What Does an Exclamation Mark Mean in the Swift Language

What does an exclamation mark mean in the Swift language?

What does it mean to "unwrap the instance"? Why is it necessary?

As far as I can work out (this is very new to me, too)...

The term "wrapped" implies we should think of an Optional variable as a present, wrapped in shiny paper, which might (sadly!) be empty.

When "wrapped", the value of an Optional variable is an enum with two possible values (a little like a Boolean). This enum describes whether the variable holds a value (Some(T)), or not (None).

If there is a value, this can be obtained by "unwrapping" the variable (obtaining the T from Some(T)).

How is john!.apartment = number73 different from john.apartment = number73? (Paraphrased)

If you write the name of an Optional variable (eg text john, without the !), this refers to the "wrapped" enum (Some/None), not the value itself (T).

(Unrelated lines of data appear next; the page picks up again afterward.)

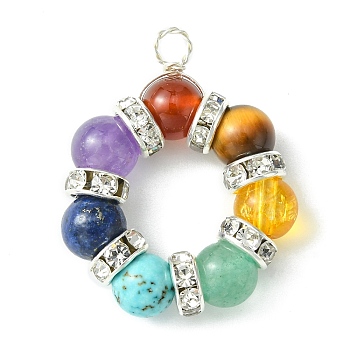 Chakra Gemstone Copper Wire Wrapped Pendants, Round Ring Charms, Silver Color Plated, Mixed Dyed and Undyed, 28x23x6mm, Hole: 2.5mm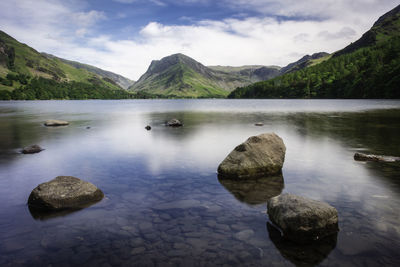 Scenic view of lake against sky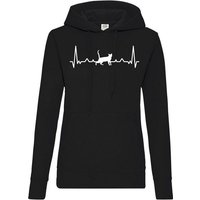 Youth Designz Kapuzenpullover Heartbeat Katze Damen Hoodie Pullover mit trendigem Frontprint von Youth Designz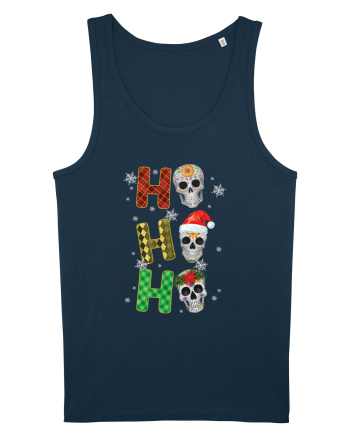 Ho-Ho-Ho Christmas Skulls Navy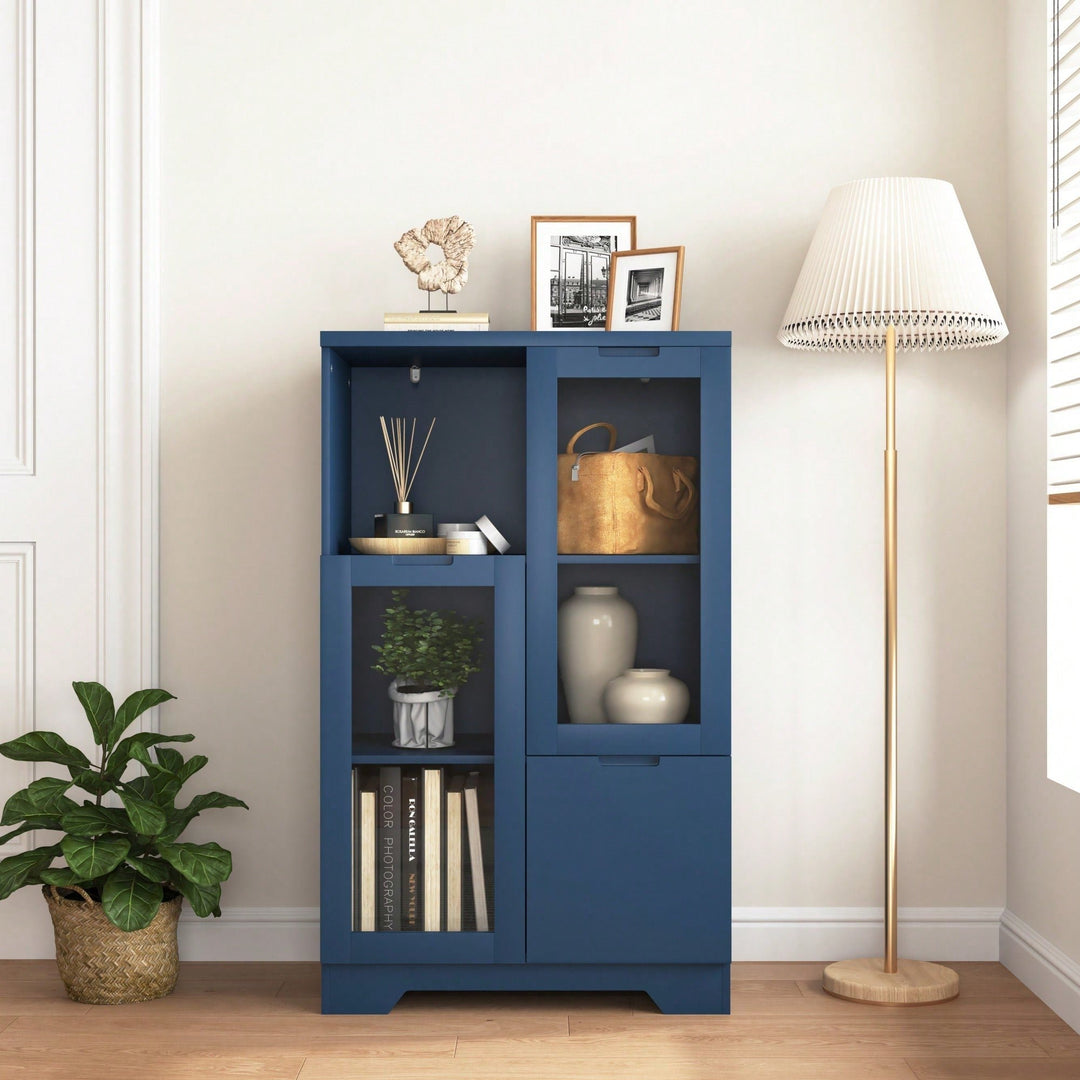 Elegant Wooden Floor Cabinet With Dual Glass Doors And Ample Storage Space  Perfect For Living Room, Bathroom, Or Image 2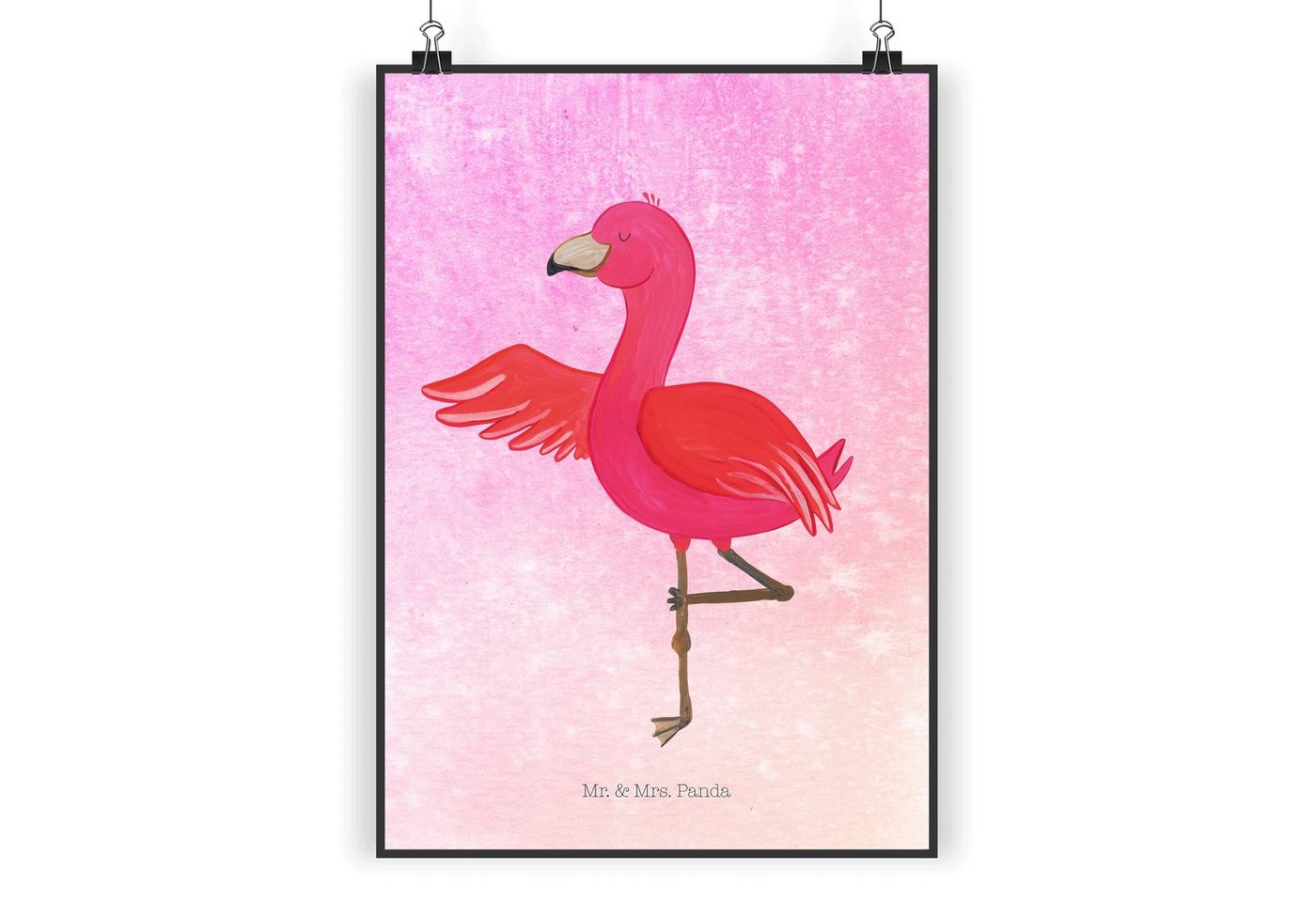 Mr. & Mrs. Panda Poster DIN A4 Flamingo Yoga - Aquarell Pink - Geschenk, Rosa, Entspannung, Y, Flamingo Yoga (1 St), Positive Botschaften von Mr. & Mrs. Panda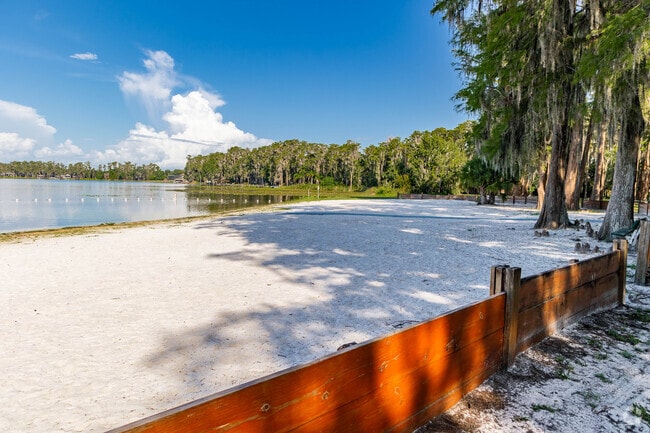 Locals enjoy the fun in the sun at the beach at Moon Lake Park.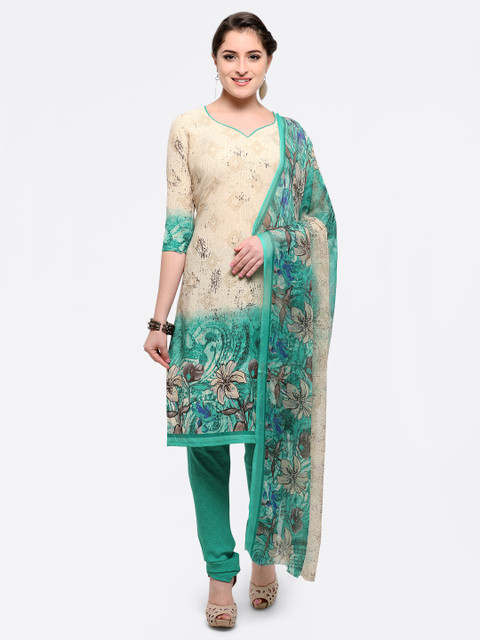 

Saree mall Cream-Coloured & Green Poly Crepe Unstitched Dress Material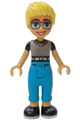 Olly from Friends wearing a black and white mesh T-shirt, dark azure trousers, and black shoes - frnd688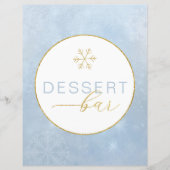 Dusty Blue Snowflake Dessert Bar Sign (Voorkant)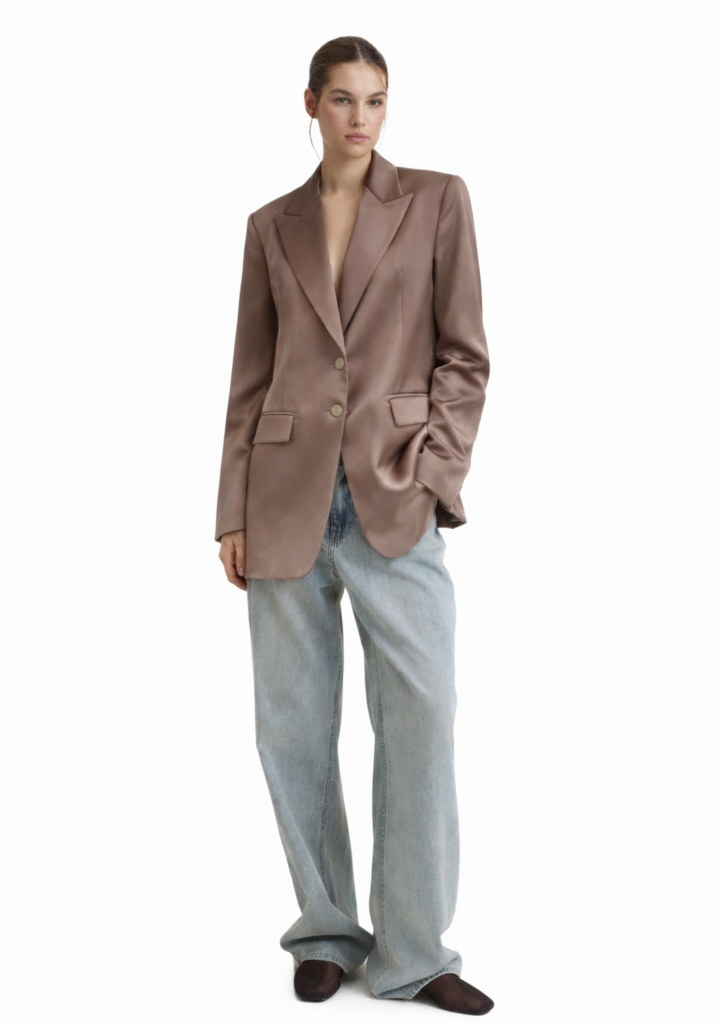 Oversized Σατέν Blazer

So john isn't an instance of Person, and it doesn't have an apartment member:

john.apartment
// 'Person?' does not have a member named 'apartment'

The actual Person value can be unwrapped in various ways:

• "forced unwrapping": john! (gives the Person value if it exists, runtime error if it is nil)
• "optional binding": if let p = john { println(p) } (executes the println if the value exists)
• "optional chaining": john?.learnAboutSwift() (executes this made-up method if the value exists)

I guess you choose one of these ways to unwrap, depending upon what should happen in the nil case, and how likely that is. This language design forces the nil case to be handled explicitly, which I suppose improves safety over Obj-C (where it is easy to forget to handle the nil case).

Update:

The exclamation mark is also used in the syntax for declaring "Implicitly Unwrapped Optionals".

In the examples so far, the john variable has been declared as var john:Person?, and it is an Optional. If you want the actual value of that variable, you must unwrap it, using one of the three methods above.

If it were declared as var john:Person! instead, the variable would be an Implicitly Unwrapped Optional (see the section with this heading in Apple's book). There is no need to unwrap this kind of variable when accessing the value, and john can be used without additional syntax. But Apple's book says:

Implicitly unwrapped optionals should not be used when there is a possibility of a variable becoming nil at a later point. Always use a normal optional type if you need to check for a nil value during the lifetime of a variable.

Update 2:

The article "Interesting Swift Features" by Mike Ash gives some motivation for optional types. I think it is great, clear writing.

Update 3:

Another useful article about the implicitly unwrapped optional use for the exclamation mark: "Swift and the Last Mile" by Chris Adamson. The article explains that this is a pragmatic measure by Apple used to declare the types used by their Objective-C frameworks which might contain nil. Declaring a type as optional (using ?) or implicitly unwrapped (using !) is "a tradeoff between safety and convenience". In the examples given in the article, Apple have chosen to declare the types as implicitly unwrapped, making the calling code more convenient, but less safe.

Perhaps Apple might comb through their frameworks in the future, removing the uncertainty of implicitly unwrapped ("probably never nil") parameters and replacing them with optional ("certainly could be nil in particular [hopefully, documented!] circumstances") or standard non-optional ("is never nil") declarations, based on the exact behaviour of their Objective-C code.

What does the exclamation mark mean for a swift initializer?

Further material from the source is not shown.